## [Task description]
Reproduce every entry exactly as written.

Short text fragments from websites:
━━━

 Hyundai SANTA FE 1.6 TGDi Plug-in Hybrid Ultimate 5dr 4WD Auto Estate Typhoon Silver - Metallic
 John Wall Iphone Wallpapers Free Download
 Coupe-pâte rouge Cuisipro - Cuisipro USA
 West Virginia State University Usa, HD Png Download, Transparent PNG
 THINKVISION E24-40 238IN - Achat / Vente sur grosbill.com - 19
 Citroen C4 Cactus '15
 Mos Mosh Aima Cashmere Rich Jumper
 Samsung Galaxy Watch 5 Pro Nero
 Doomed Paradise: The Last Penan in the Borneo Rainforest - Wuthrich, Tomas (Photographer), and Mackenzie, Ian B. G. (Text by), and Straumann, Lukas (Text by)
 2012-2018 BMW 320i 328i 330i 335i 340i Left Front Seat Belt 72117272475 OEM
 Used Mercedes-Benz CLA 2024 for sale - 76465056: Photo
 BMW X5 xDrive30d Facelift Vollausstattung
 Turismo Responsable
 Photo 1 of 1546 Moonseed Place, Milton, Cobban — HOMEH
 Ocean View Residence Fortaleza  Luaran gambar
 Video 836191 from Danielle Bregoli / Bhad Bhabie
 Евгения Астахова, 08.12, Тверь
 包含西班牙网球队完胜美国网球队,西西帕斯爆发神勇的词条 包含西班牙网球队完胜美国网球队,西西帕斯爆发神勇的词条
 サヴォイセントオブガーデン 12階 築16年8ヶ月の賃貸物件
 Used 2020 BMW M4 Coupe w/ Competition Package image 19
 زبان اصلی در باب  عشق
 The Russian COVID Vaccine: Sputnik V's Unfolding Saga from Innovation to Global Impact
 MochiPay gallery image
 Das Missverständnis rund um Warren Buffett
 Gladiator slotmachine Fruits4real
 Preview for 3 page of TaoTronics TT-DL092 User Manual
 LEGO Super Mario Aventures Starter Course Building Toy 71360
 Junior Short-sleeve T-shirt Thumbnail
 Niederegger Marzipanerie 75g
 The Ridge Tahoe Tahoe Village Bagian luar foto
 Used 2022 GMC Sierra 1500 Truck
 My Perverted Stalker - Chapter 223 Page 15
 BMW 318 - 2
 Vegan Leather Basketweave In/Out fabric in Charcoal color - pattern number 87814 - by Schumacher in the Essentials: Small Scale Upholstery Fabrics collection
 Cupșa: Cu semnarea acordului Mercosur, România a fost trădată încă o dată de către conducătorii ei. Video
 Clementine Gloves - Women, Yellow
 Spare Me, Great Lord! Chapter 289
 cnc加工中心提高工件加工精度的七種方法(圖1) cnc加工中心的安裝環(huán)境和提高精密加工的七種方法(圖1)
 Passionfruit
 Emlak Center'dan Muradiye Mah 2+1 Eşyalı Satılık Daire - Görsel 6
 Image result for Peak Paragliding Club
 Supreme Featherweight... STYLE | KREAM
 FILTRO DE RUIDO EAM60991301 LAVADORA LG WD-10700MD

━━━

## [Result of the task]
 Hyundai SANTA FE 1.6 TGDi Plug-in Hybrid Ultimate 5dr 4WD Auto Estate Typhoon Silver - Metallic
 John Wall Iphone Wallpapers Free Download
 Coupe-pâte rouge Cuisipro - Cuisipro USA
 West Virginia State University Usa, HD Png Download, Transparent PNG
 THINKVISION E24-40 238IN - Achat / Vente sur grosbill.com - 19
 Citroen C4 Cactus '15
 Mos Mosh Aima Cashmere Rich Jumper
 Samsung Galaxy Watch 5 Pro Nero
 Doomed Paradise: The Last Penan in the Borneo Rainforest - Wuthrich, Tomas (Photographer), and Mackenzie, Ian B. G. (Text by), and Straumann, Lukas (Text by)
 2012-2018 BMW 320i 328i 330i 335i 340i Left Front Seat Belt 72117272475 OEM
 Used Mercedes-Benz CLA 2024 for sale - 76465056: Photo
 BMW X5 xDrive30d Facelift Vollausstattung
 Turismo Responsable
 Photo 1 of 1546 Moonseed Place, Milton, Cobban — HOMEH
 Ocean View Residence Fortaleza  Luaran gambar
 Video 836191 from Danielle Bregoli / Bhad Bhabie
 Евгения Астахова, 08.12, Тверь
 包含西班牙网球队完胜美国网球队,西西帕斯爆发神勇的词条 包含西班牙网球队完胜美国网球队,西西帕斯爆发神勇的词条
 サヴォイセントオブガーデン 12階 築16年8ヶ月の賃貸物件
 Used 2020 BMW M4 Coupe w/ Competition Package image 19
 زبان اصلی در باب  عشق
 The Russian COVID Vaccine: Sputnik V's Unfolding Saga from Innovation to Global Impact
 MochiPay gallery image
 Das Missverständnis rund um Warren Buffett
 Gladiator slotmachine Fruits4real
 Preview for 3 page of TaoTronics TT-DL092 User Manual
 LEGO Super Mario Aventures Starter Course Building Toy 71360
 Junior Short-sleeve T-shirt Thumbnail
 Niederegger Marzipanerie 75g
 The Ridge Tahoe Tahoe Village Bagian luar foto
 Used 2022 GMC Sierra 1500 Truck
 My Perverted Stalker - Chapter 223 Page 15
 BMW 318 - 2
 Vegan Leather Basketweave In/Out fabric in Charcoal color - pattern number 87814 - by Schumacher in the Essentials: Small Scale Upholstery Fabrics collection
 Cupșa: Cu semnarea acordului Mercosur, România a fost trădată încă o dată de către conducătorii ei. Video
 Clementine Gloves - Women, Yellow
 Spare Me, Great Lord! Chapter 289
 cnc加工中心提高工件加工精度的七種方法(圖1) cnc加工中心的安裝環(huán)境和提高精密加工的七種方法(圖1)
 Passionfruit
 Emlak Center'dan Muradiye Mah 2+1 Eşyalı Satılık Daire - Görsel 6
 Image result for Peak Paragliding Club
 Supreme Featherweight... STYLE | KREAM
 FILTRO DE RUIDO EAM60991301 LAVADORA LG WD-10700MD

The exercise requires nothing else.